A missed connection from San Diego Magazine, December 2011, p.42

A missed connection is a type of personal advertisement which arises after two people meet but are too shy or otherwise unable to exchange contact details. The "Missed Connections" section of Craigslist gets thousands of ads of this type every month in New York City, San Francisco, and Seattle.[1]

The feature was started by Jim Buckmaster, Craigslist's CEO, after he noticed a common type of posting in their personal ads, which he characterized as "you-smiled-at-me-on-the-subway-platform". He sees the format as addressing a common human need and being ideal for romantic comedy, "Missed Connections give people that second chance...They represent persistence in the face of long odds, which definitely adds to their artistic appeal." A variety of such artistic works have been developed including illustrations, movies, plays, poetry and songs.[2]

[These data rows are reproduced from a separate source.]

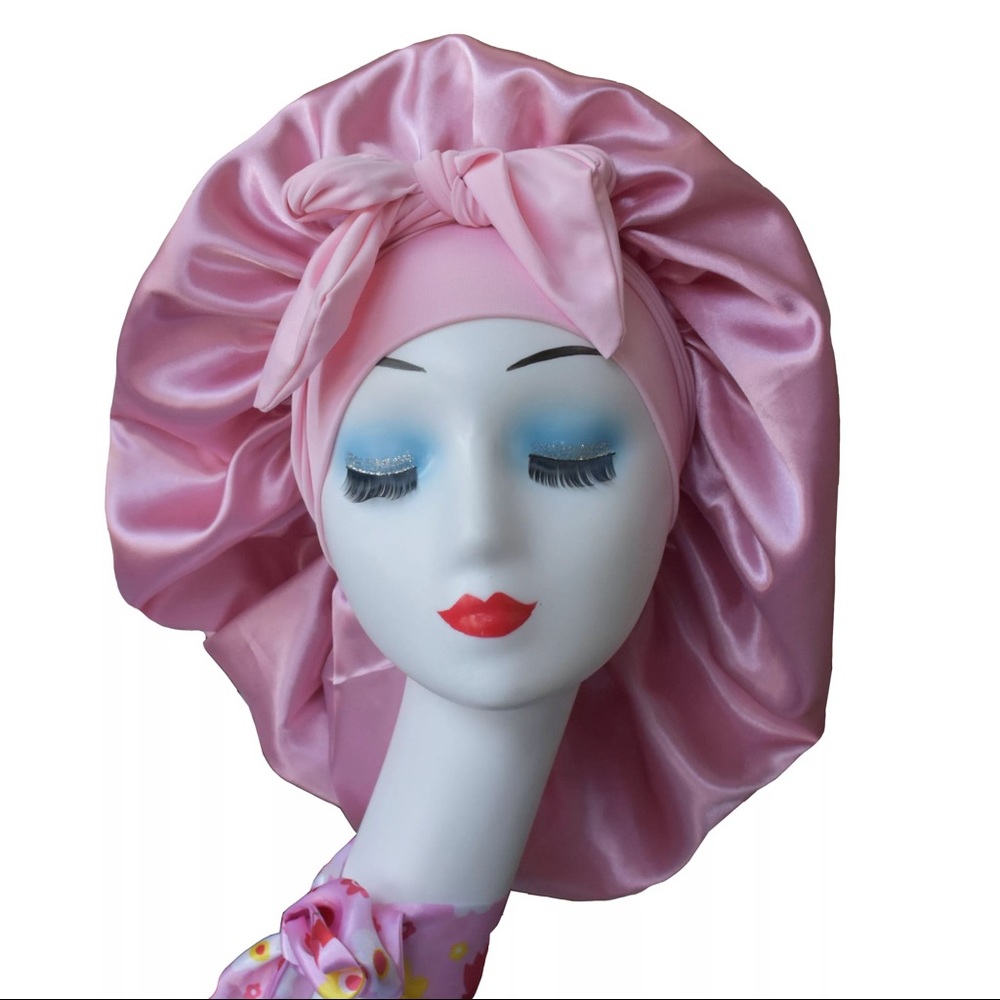 SATIN LARGE HAIR BONNET 💕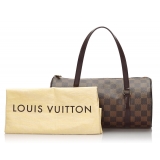Louis Vuitton Vintage - Damier Ebene Papillon 26 Bag - Marrone - Borsa in Pelle - Alta Qualità Luxury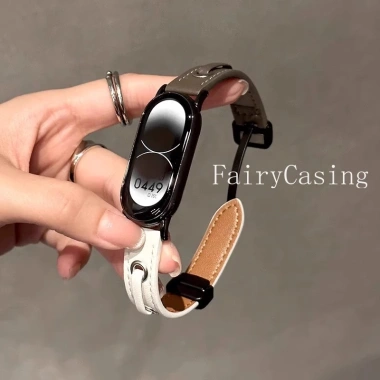 Dây Đeo Da Rỗng Ceramic cho Xiaomi Mi Band 10-9-8-7-6-5-4-3, Thay Thế 128.700 VND 7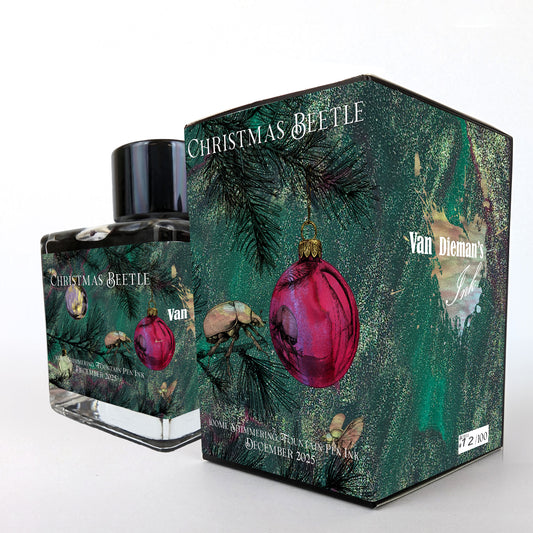 Van Dieman's 2025 December - Christmas Beetle - 100ml Shimmering Multichromatic Fountain Pen Ink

Other major cities have similar columns in Craigslist and their own local media. London's Metro newspaper has a "Rush-hour Crush" column for commuters who exchange glances but nothing more. Many connections are re-established and couples have become married in this way, such as "tall rugby player" and "beautiful lady in the red dress with long brown curly hair".[2][3] Various websites like Gumtree also offer the possibility of reconnecting with missed connections.[4]

Distribution[edit]

The nature and location of missed connections have been analyzed.[5] Across the United States in 2013, the breakdown by gender was:

  • 59% Man seeking woman
  • 27% Man seeking man
  • 13% Woman seeking man
  • 1% Woman seeking woman

In the Pacific Northwest, the most common location was public transportation. In the Pacific Southwest, it was the gym. In the Northeastern United States, it was the subway and train. In the Midwestern United States, it was the supermarket. In Texas and the Gulf Coast region, it was Walmart.

Implementation[edit]

The online format for this on Craigslist scrolls so that postings disappear after 45 days. This gives a second possibility of loss as the posting might not be seen in time to reunite the couple.[6] Mobile phone apps such as Grindr or Spotted have been created which facilitate hook-ups between strangers immediately, though these require location data. Protocols for facilitating such encounters more safely have been proposed.[7]

Art, comedy, movies, plays and poems[edit]

The topic has been used as a theme by artists and authors. The New York Transit Museum held a special exhibition of such work on Valentine's Day in 2011.[8][9]

Other artistic uses of the theme include Missed Connections NY, a theatrical presentation of thirteen vignettes and comic songs performed by the Upright Citizens Brigade and the long-running Missed Connections: An Exploration into the Online Postings of Desperate Romantics.[2] One movie was named after the Craigslist feature, Missed Connections. It starred Sting's daughter, Mickey Sumner, and opened at the Savannah Film Festival in 2012.[10]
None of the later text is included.